I’ve never met someone who built a dashboard in less time or money than they expected, regardless of how many times they’ve built other analytics features. Customer-facing dashboards have a way of becoming more complicated than expected to implement and to maintain over time. With our experience building dashboards at SaaS companies and with our clients at Verb we thought it would be helpful to share some key points to think about while performing your build vs. buy analysis. While we’re partial to a buy approach, it’s important to think through your options for your unique use case.
There are three types of costs that you’ll need to think about when estimating the true cost of dashboards.
The most obvious cost is labor – engineering, design, and product, to name a few. Dashboards require specific engineering and analytical skills like data engineers, architects, and data scientists. We often ask our teams to take on new skills which is applaudable but we have to take into account the time to learn and relearn new skills. We also have to consider the speed at which our teams can work when learning something new.
The cost of materials is highly dependent on your architecture but a good dashboard needs a centralized data store that is not the production database (a data lake), a pipeline tool to help transform and move data quickly, and a data warehouse to pre-aggregate your data. It can be incredibly difficult to estimate the costs you will incur with each of these tools due to the nature of customer-facing dashboards. You won’t have a good sense of peak usage of dashboards or simultaneous use across your customers.Most of these tools are consumption-based which make it difficult to limit expenses as well.
I think this is the hardest cost to estimate because most calculations for the value of a feature are subjective. Comparing a set of features that your team can build in the same amount of time as a dashboard will take to implement relies on the value that the features create for your business and your customers. The calculation will be unique to your business because every business’s value proposition is different so your product strategy must align with that.
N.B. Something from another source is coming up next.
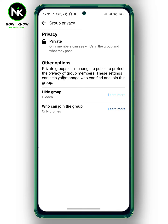Here it says only members can see who's in the group and what they post. Private groups can change to public, but this is restricted to protect the privacy of group members. Importantly, once you set your group to private, you can't make it public again — this is not allowed due to group members' privacy.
The second part of the opportunity cost that many of us forget to include is the cost of maintenance. Dashboards have a lot of dependencies which mean that new features will often require additional updates to the existing dashboard. For example, if there is a schema change, the data that supports dashboards may need to be updated as part of the feature release. This process slows down feature releases because the level of effort expands as dashboards are added to the system. Without dashboards, teams have less dependencies to worry about and can move faster.
Phases of Expenses
The three costs are relatively easy to identify but they occur in three phases of product development. Estimating these is the most important part of any build analysis. It’s incredibly difficult to fully estimate the cost and we’re not advocating you try. However, it is important to go into a project with eyes wide open and realistic expectations.
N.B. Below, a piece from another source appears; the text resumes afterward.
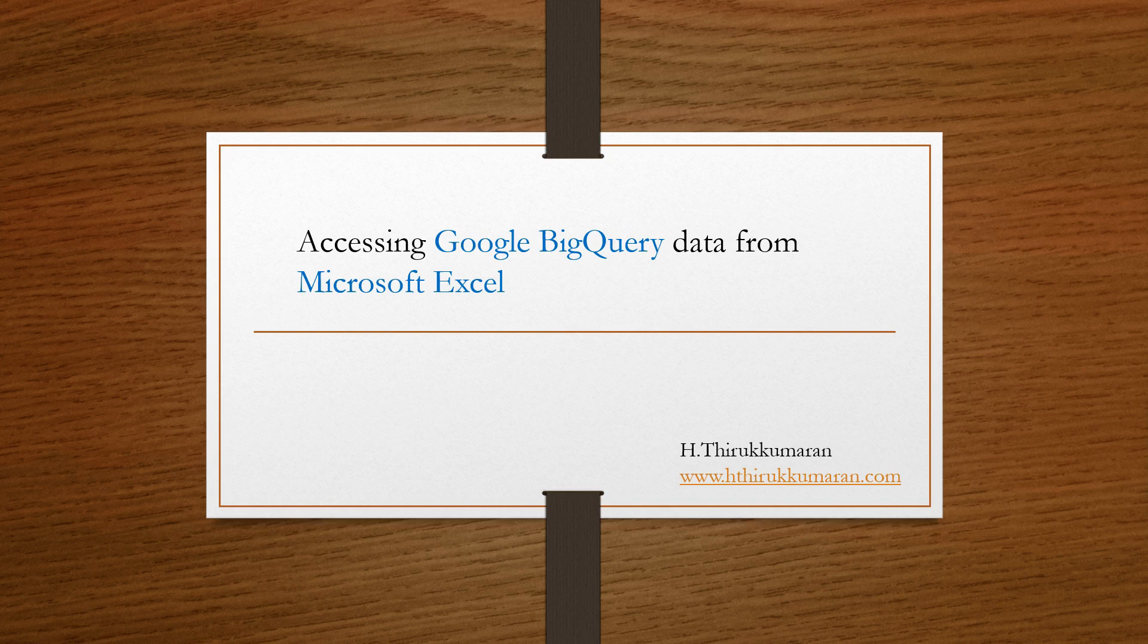I am going to cover in this episode about how to access Google BigQuery data from Microsoft Excel. You can reach me on my website www.hthirkumran.com if you have any questions about this episode. I will also post the video in YouTube and you can log your comments there and I will reply.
The implementation phase is the largest cost and probably the easiest to estimate. An important part of the implementation phase that is often forgotten is performance testing. While this doesn’t add a lot of time to the initial project it can save a lot of time down the road. We suggest that you do your best to limit cutting corners, more so than you might typically do on a normal product feature. On a dashboard it can really come back to haunt you.
In our research we found that the average dashboard took about 6 months to release – from start to finish. Some smaller dashboards were released in about 3 months and the more sophisticated ones took up to a year to roll out.
Maintenance & Scaling
In most build-analysis, teams underestimate the cost of ongoing maintenance if they even include it in their analysis. The material costs of maintenance and scaling are the monthly fees for the components and infrastructure you’re using. As mentioned previously, it can be difficult to estimate consumption-based expenses for customer-facing dashboards because it’s difficult to predict user behavior.
Performance tuning is also critical, but often ignored until it’s too late. Dashboards tend to get slower over time as platforms and data grow. Without prioritizing the performance, your user-experience and system will suffer. Every feature you add will increase expenses because the dashboard will likely need adjustments with each new feature – even if the end-user isn’t aware. These additional features cost extra time and engineering hours, which as we mentioned earlier, are oftentimes one of your most expensive deficits.
Iteration and Enhancement
An iterative approach to dashboards is rarely taken because of the level of effort to implement dashboards. It is hard to implement tests but still necessary to create an experience that your customers want. The more interesting and relevant data that you can provide your customers, the happier they will be.
Analytics feature enhancements are nice to have but keeping your dashboard’s data accurate is critical for your business. As new features are added and schemas shift you will need to re-work the data that supports your dashboards. When working on new features, dashboards should be included in the dependency planning that your team completes.
Customer-facing dashboards are neither easy nor cheap to build, but they are incredibly useful and in many cases necessary for your platform and customers. They can be the edge that pushes you past the competition, but they can also slow down development – limiting your nimbleness to respond quickly. It’s important to understand the costs that you’ll incur through the implementation, maintenance, and scaling of a dashboard before you decide how to create your next dashboard.